▶ _Requirement_: Print, exactly as written, the line in the entries below that contains "ポーター クラッチバッグ ハンドバッグ レザー シボ革 黒 ソート" and every line after it up to and including the last. Omit pictures.

▶ _Information given_:
<<<<
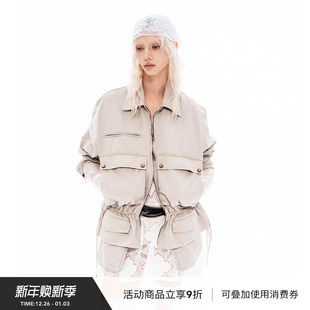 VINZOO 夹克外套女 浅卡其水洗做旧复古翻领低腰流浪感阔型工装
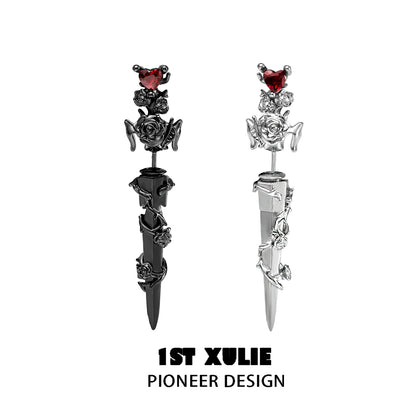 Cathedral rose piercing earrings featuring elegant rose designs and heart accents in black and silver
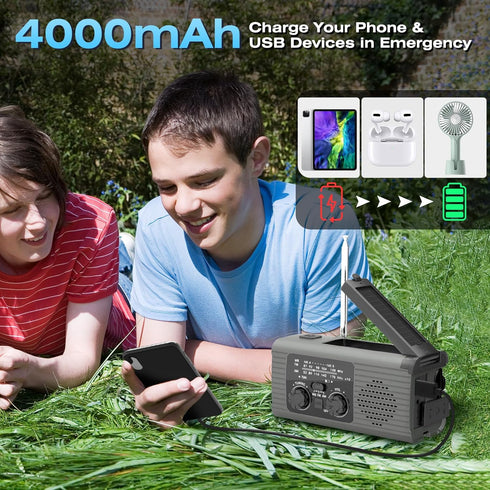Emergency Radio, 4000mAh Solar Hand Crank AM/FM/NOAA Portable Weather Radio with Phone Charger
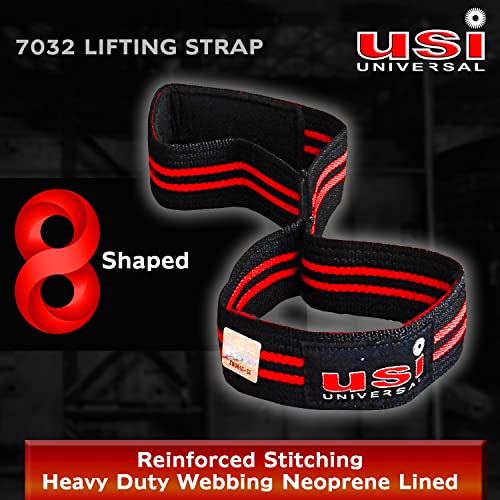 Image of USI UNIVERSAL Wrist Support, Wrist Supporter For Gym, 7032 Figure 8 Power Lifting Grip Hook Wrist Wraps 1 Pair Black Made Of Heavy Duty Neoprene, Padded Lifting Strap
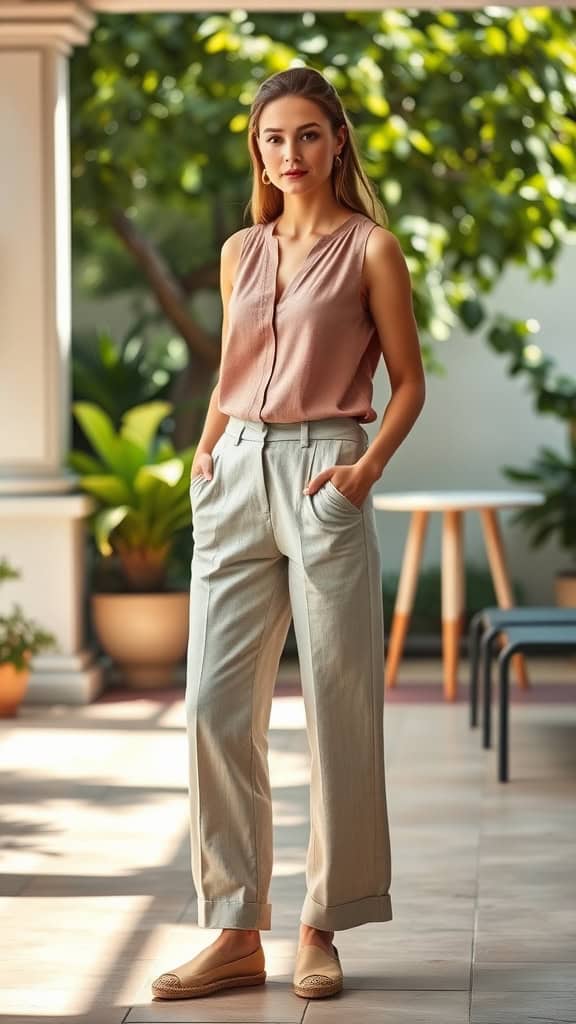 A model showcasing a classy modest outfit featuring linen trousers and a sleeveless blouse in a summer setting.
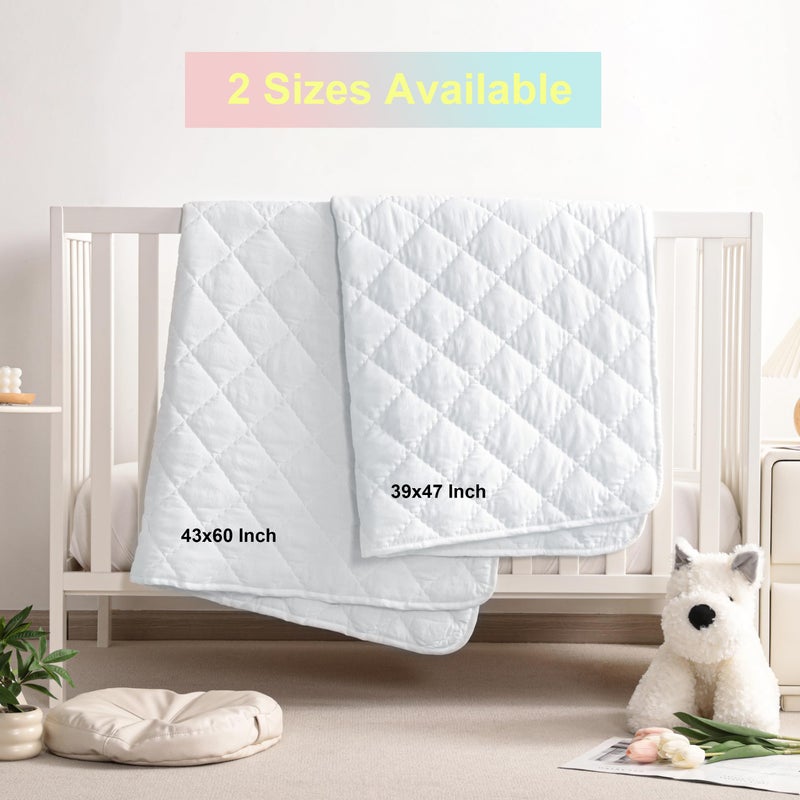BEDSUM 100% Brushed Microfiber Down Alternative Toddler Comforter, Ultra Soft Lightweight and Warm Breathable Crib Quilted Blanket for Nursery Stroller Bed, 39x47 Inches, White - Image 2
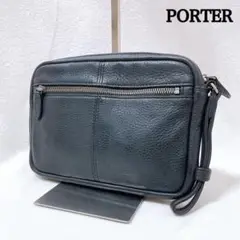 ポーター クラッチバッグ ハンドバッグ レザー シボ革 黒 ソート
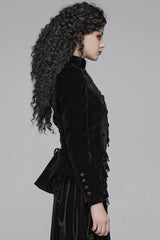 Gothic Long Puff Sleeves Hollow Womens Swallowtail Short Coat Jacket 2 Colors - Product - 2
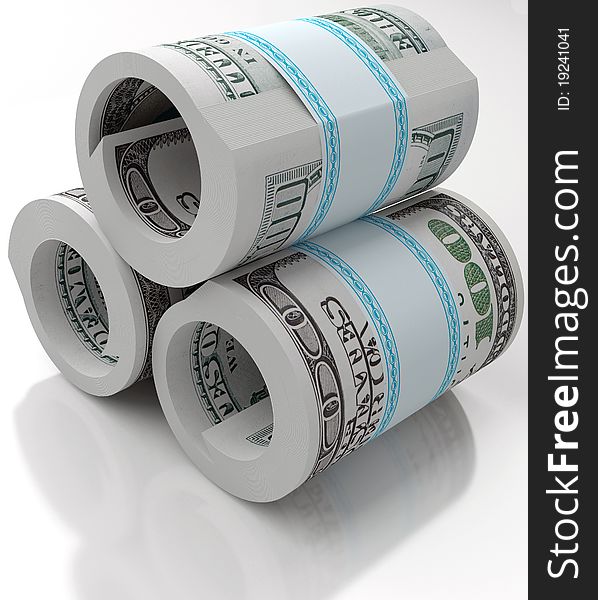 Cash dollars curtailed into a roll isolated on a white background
>>>>
▶ _Solution for this problem_:
 ポーター クラッチバッグ ハンドバッグ レザー シボ革 黒 ソート
 Gothic Long Puff Sleeves Hollow Womens Swallowtail Short Coat Jacket 2 Colors - Product - 2
 Cash dollars curtailed into a roll isolated on a white background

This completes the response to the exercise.